2020年8月28日金曜日

【連載通信】ほたる通信 Ⅲ(1)  ふけとしこ

はじめに(編集人 筑紫磐井)

  2003年ごろ、「ホタル通信」という個人雑誌を頂いている。発行人はふけとしこさん。このときはA4を何枚か綴った冊子であった。「現在130部作っていますが、面倒になったら止めるかもしれません」。ふけさん以外に招待作家の作品も並んでいた。たしか36号をもって終刊したのではないかと思う。発行期間は正味4年ぐらいだろうか。当時こうした簡易雑誌は意外に多く、島田牙城「肘」、戸恒東人「東風通信」、小西昭夫「寺村つうしん」などがあり、「肘」、「東風通信」はそれぞれ「里」、「春月」と言った雑誌に発展していった。

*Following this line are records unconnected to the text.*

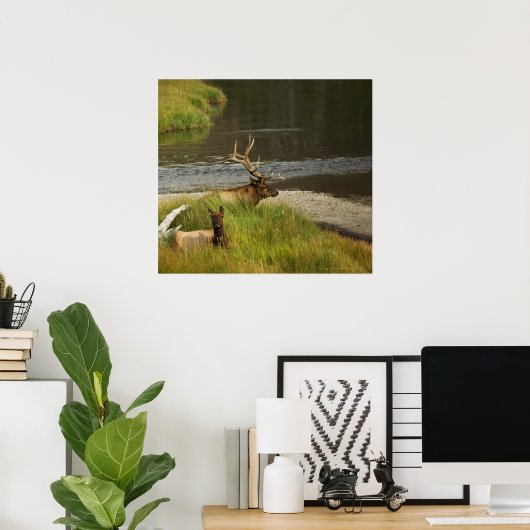 Poster Mates de Yellowstone Imprimer (Bureau à domicile)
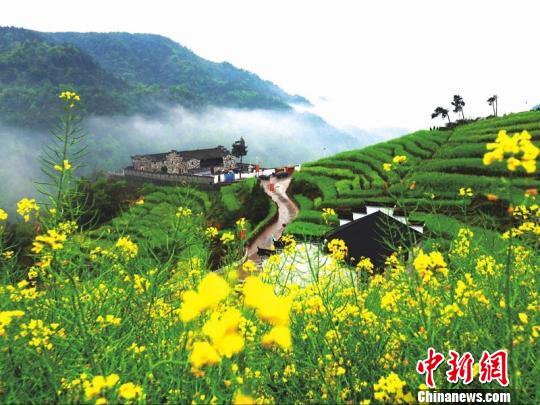 浙江浦江鄉(xiāng)村逆襲記：精耕細(xì)作煥新顏 青山綠水入畫(huà)來(lái)。浦江縣農(nóng)辦提供
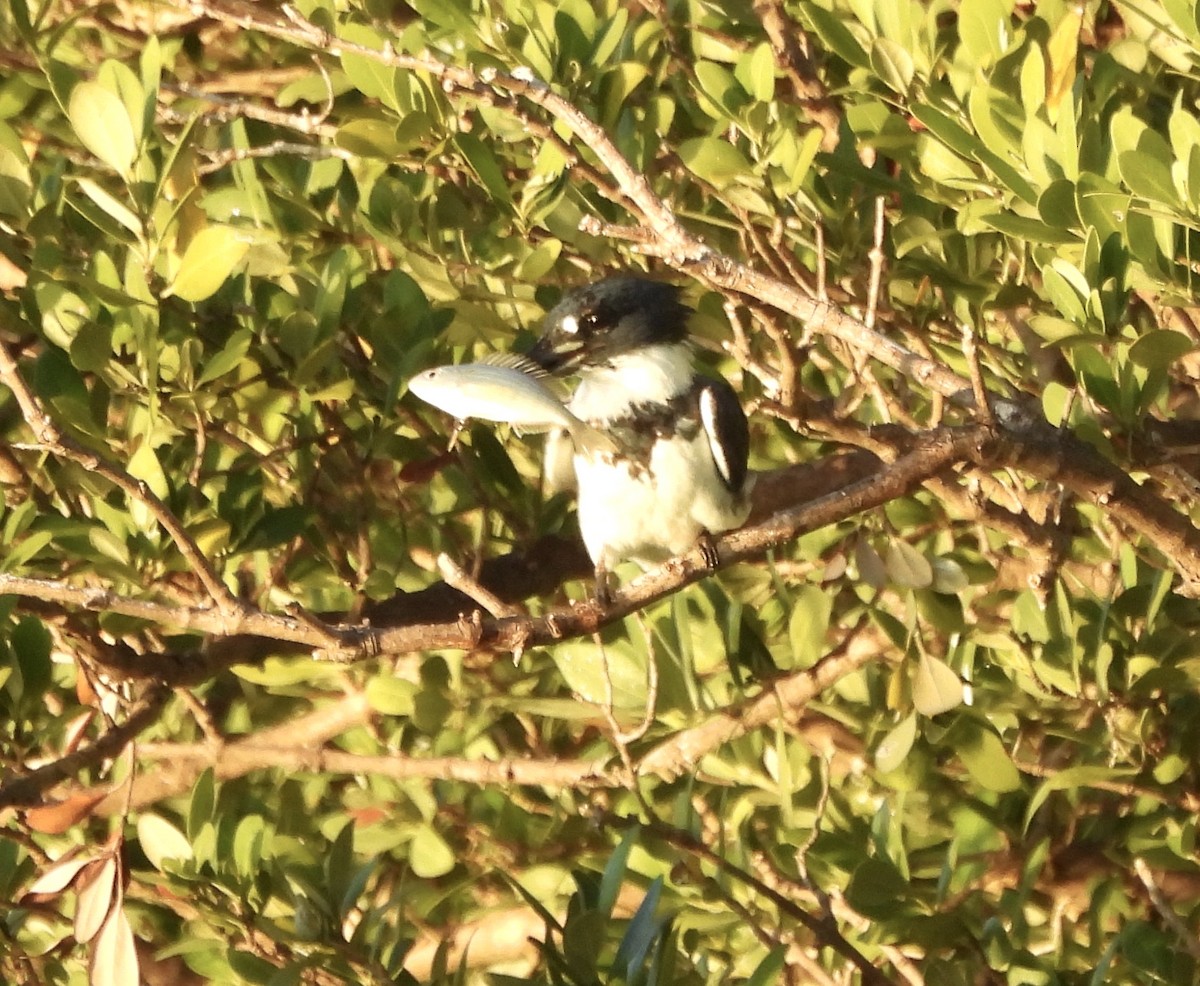 Green Kingfisher - ML645818727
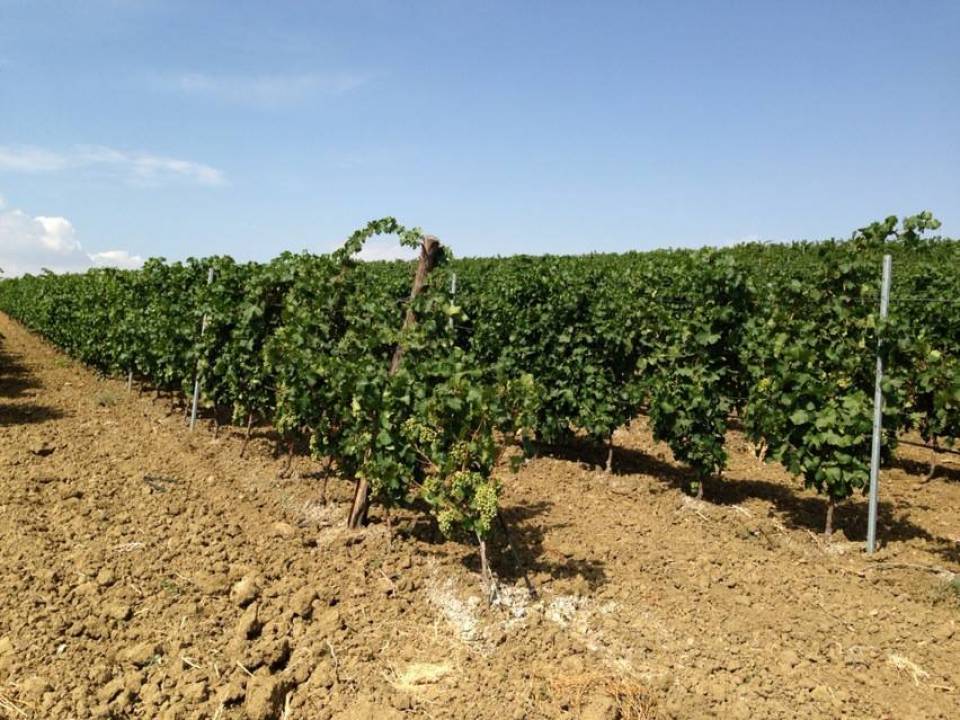 Immagine articolo: 10 milioni di € per il bando OCM Vino Sicilia per ristrutturare i vigneti - campagna 2017/2018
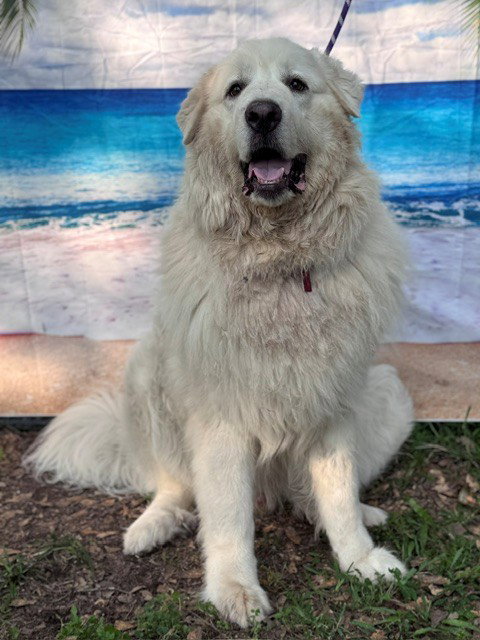 Samson photo 4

しかしふけさんは そうした野心はなかったらしく、カラッと休刊している。
 それから十年、2012年8月から「ほたる通信Ⅱ」という葉書が届いた。発行人はふけとしこさん。作品と小文を掲載したしゃれた通信であった。今度はご自身の作品だけであったから、野心は一層薄くなったが、2019年12月88号をもって終刊した。今度は発行期間は7年。少し伸びたが、88号という末広がりでやめてしまうところがふけさんらしい。こうしたはがき通信は「ほたる通信Ⅱ」以外にも現在いろいろ届いている。
 終刊直後からふけさんにはもったいないじゃないかと何度もおすすめした挙句、今回から「ほたる通信Ⅲ」の連載を開始していただくこととなった。簡易装丁→葉書→BLOGと時代に合わせて推移するが、待望の連載登場である。

         *      *


   鳩目穴
虫除けを塗る蛇瓜を見る前に
蛇瓜のとぐろを解くところとも
盆過ぎの踏まれて起きて光る草
ゆきあひの空やデニムに鳩目穴
甌穴の上を水行く葛の花

     ・・・
 「ヒラタ」という名を意識したのは蜘蛛についての本を読んでいた時だった。〇〇ヒラタグモ、△△ヒラタグモという名が度々出てきたので、てっきり平田さんという人が発見されてその名になったのだと思い込んでしまった。それにしても多くの蜘蛛を発見されたこと……と感心したものだった。
 虻のことを調べていたら今度はヒラタアブに出会った。あらまあ! 平田さんって蜘蛛の専門家ではなかったの? それとも同姓の方? と首をひねったが何のことはない。この「ヒラタ」とは身体、特に腹部が扁平である、という意味だったのだ。何という早とちり。
そして、このヒラタアブというのは、子どもの頃の私が蜜蜂だと思い込んでいた昆虫だった。いつも花へ来ているし、蜂と虻との見分けがつかなかったということでもあった。近づいても刺されることはないと本能的に感じていたものか、この1センチ程の虫の動きが面白くてじっと見ていた。
 ヒラタアブ、これにも数種があり私がよく目にするのはホソヒラタアブのようだ。ベランダや屋上のささやかな花へもやってくる。成虫は受粉を助け、幼虫はアブラムシを食べてくれる有難い存在でもある。